All the Government's promises are based on factors outside its control
The new Programme for Government is basically a statement of aspirations, writes Colm McCarthy
Published 15/05/2016 | 02:30
The formation of the new Government has avoided, according to Friday's Red C poll, a second general election which would have produced another hung Dail and little change from February's result. There would have been some form of minority government anyway.
The 160-page Programme for Government released on Thursday will prove less reliable, as a guide to future policy, than its predecessors. Previous programmes were agreed by incoming coalition governments possessed of a Dail majority and thus able to pass the required measures. This Government's programme is more a statement of aspirations for which parliamentary support may not be forthcoming. Paradoxically, it is much longer than the 2011 plan, a model of brevity at just 64 pages. The 2016 version has a Late Late Show flavour, with goodie-bags for innumerable lobby groups and interests, and a relaxed approach to the financial capacity of the State to sustain extra commitments on spending and tax cuts.

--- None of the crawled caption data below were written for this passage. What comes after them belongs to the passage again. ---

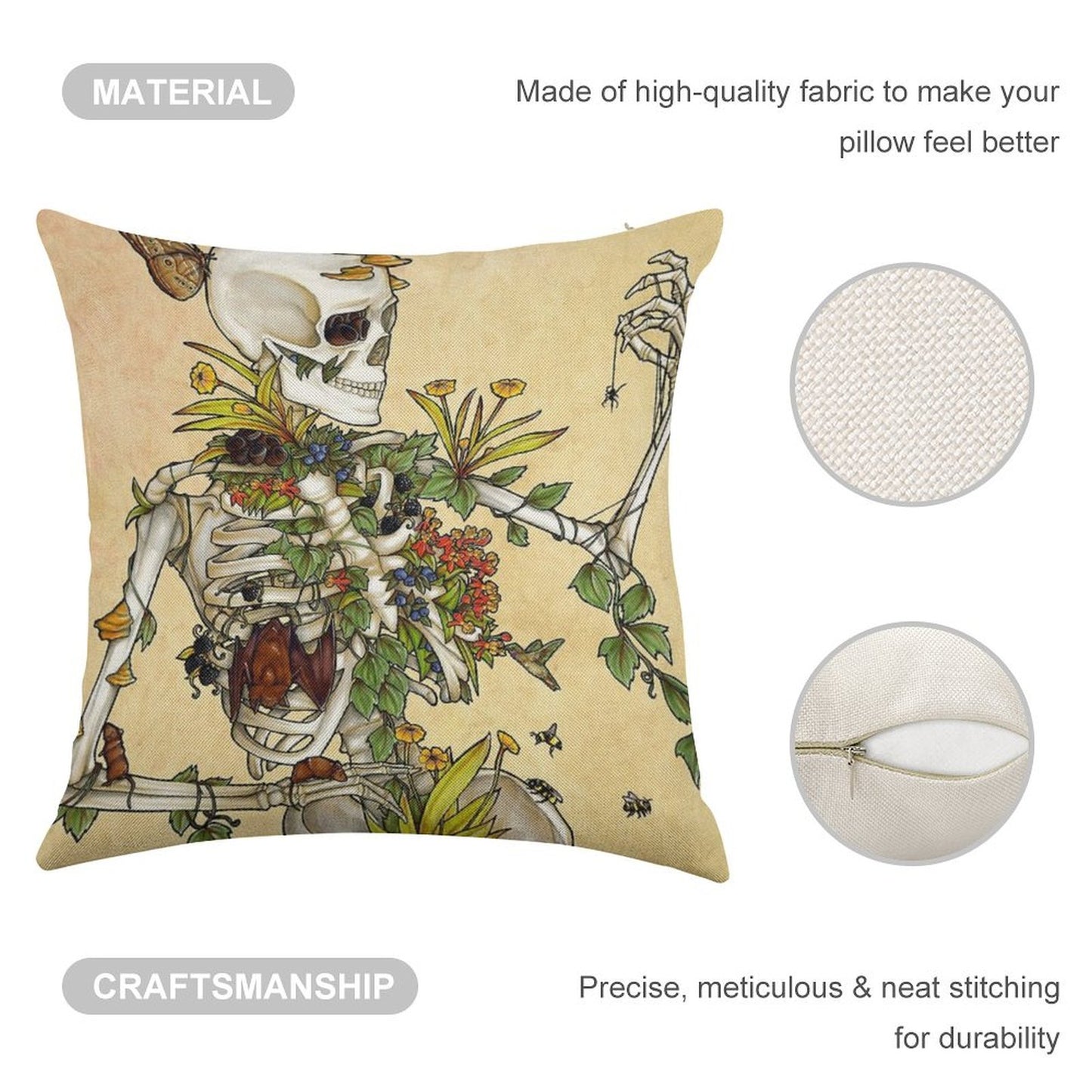 Bones And Botany Linen Throw Pillow Cover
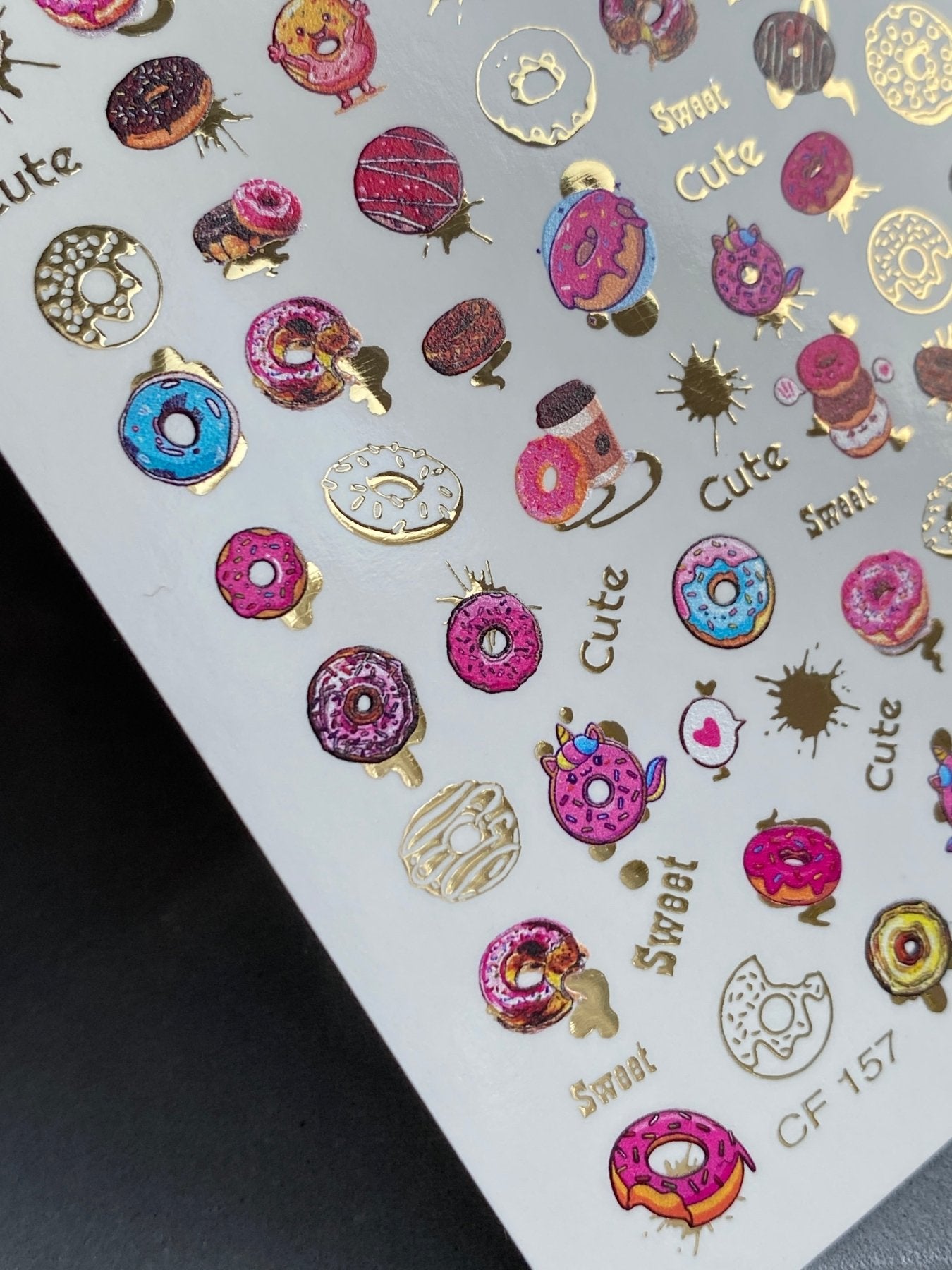 Nail Water Decal CF-157 | Donut Water Slide Nail Decals | Sweet Candy Designs & Gold Foil Details - UASLIDER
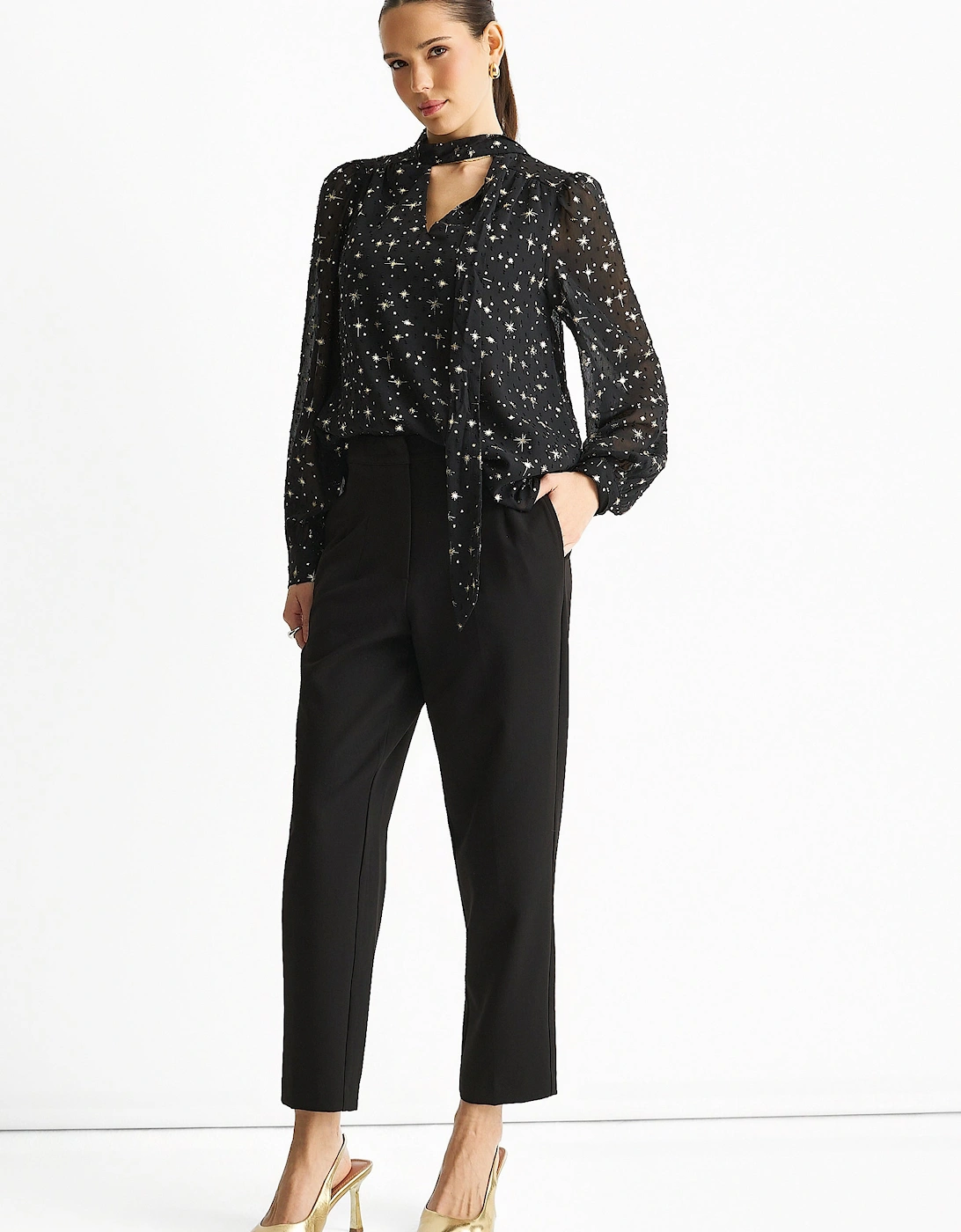 Black Dobby Star Chiffon Tie Neck Blouse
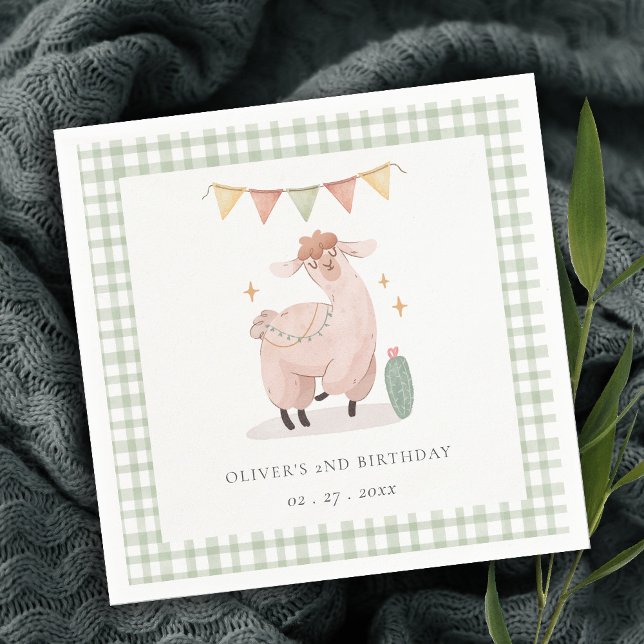 Green Plaid Cactus Boho Llama Any Age Birthday Napkins (Creator Uploaded)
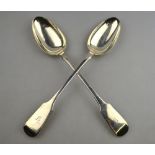 A pair of George IV silver fiddle pattern basting spoons, William Eaton, London 1832, 8.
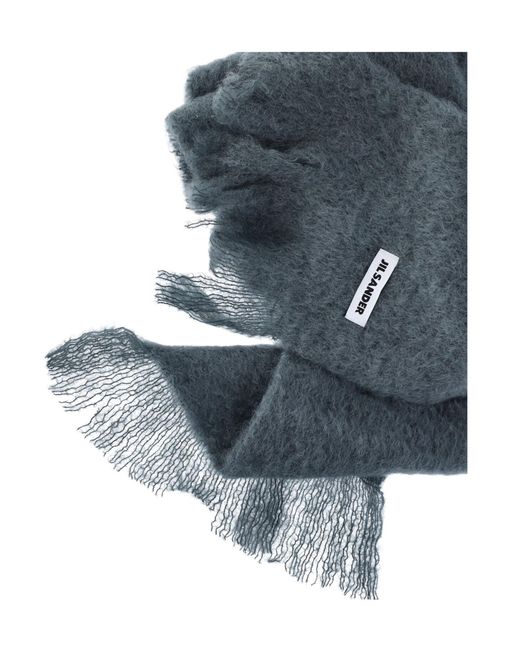 Jil Sander Black Fringed Brushed Scarf for men
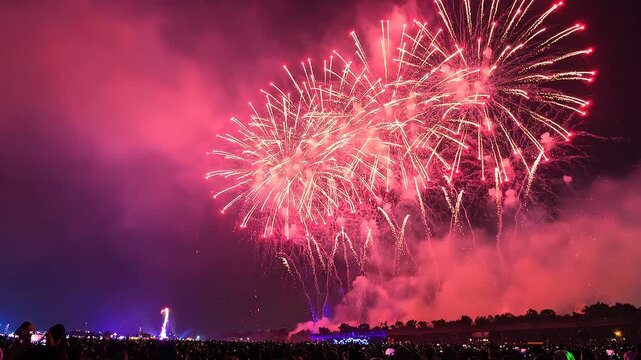Spectacular Fireworks Display Over Silhouetted Crowd at Night
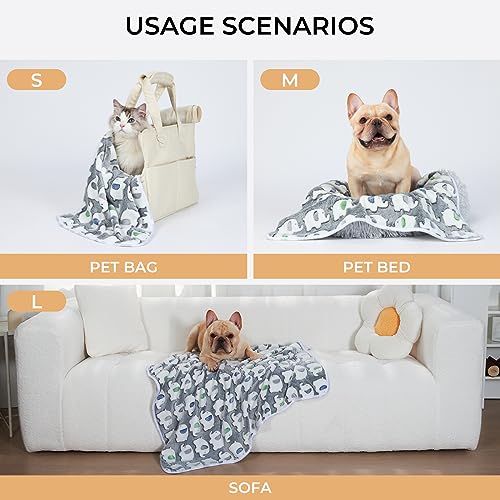 Image of 1 Pack 3 Blankets Super Soft Fluffy Premium Cute Elephant Pattern Pet Blanket Flannel Throw for Dog Puppy Cat Dark Grey Large(41x31 inch)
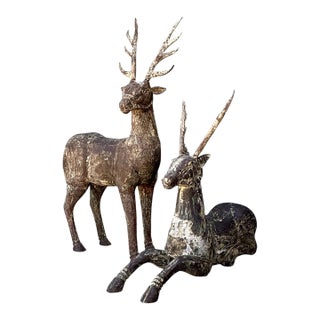 Vintage Carved Wood Deer Sculptures - Pair For Sale
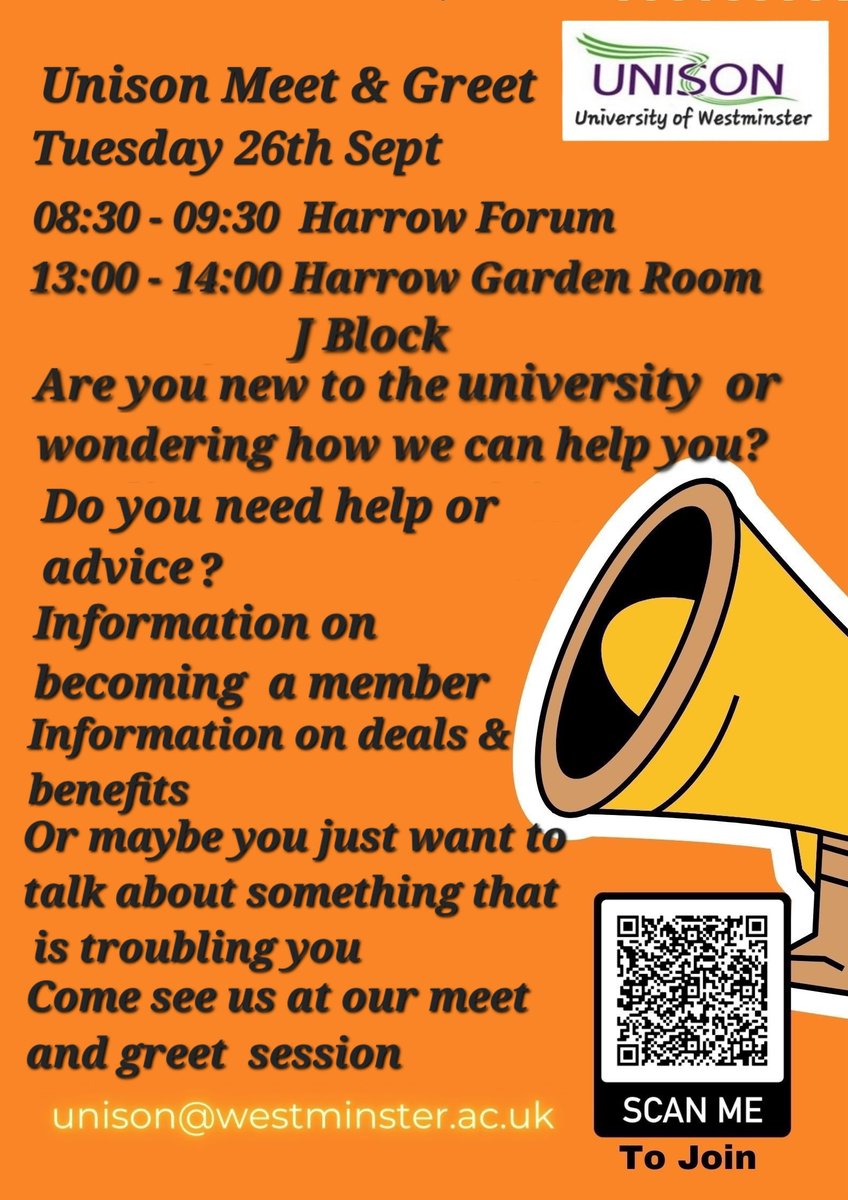 Are you wondering how UoW Unison can help you? Join us at our in person meet and greets at Harrow Campus today, Tue 26th September 08:30 - 09:30 or 13:00 - 14:00  #SupportAndAdvice #RepresentationWhenYouNeedIt #BecomingAMember #UnisonDealsAndBenefits #WeAreWestminsterUnison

The extra spending will add €6.75bn per annum by 2021, with about half that figure again for the additional cost of tax reductions. Whether the total €10bn per annum becomes available over the next five years depends largely on the buoyancy of government revenue: only if the economy continues to expand at a decent rate will the numbers add up. The programme is in effect a plan to distribute resources whose availability is not guaranteed.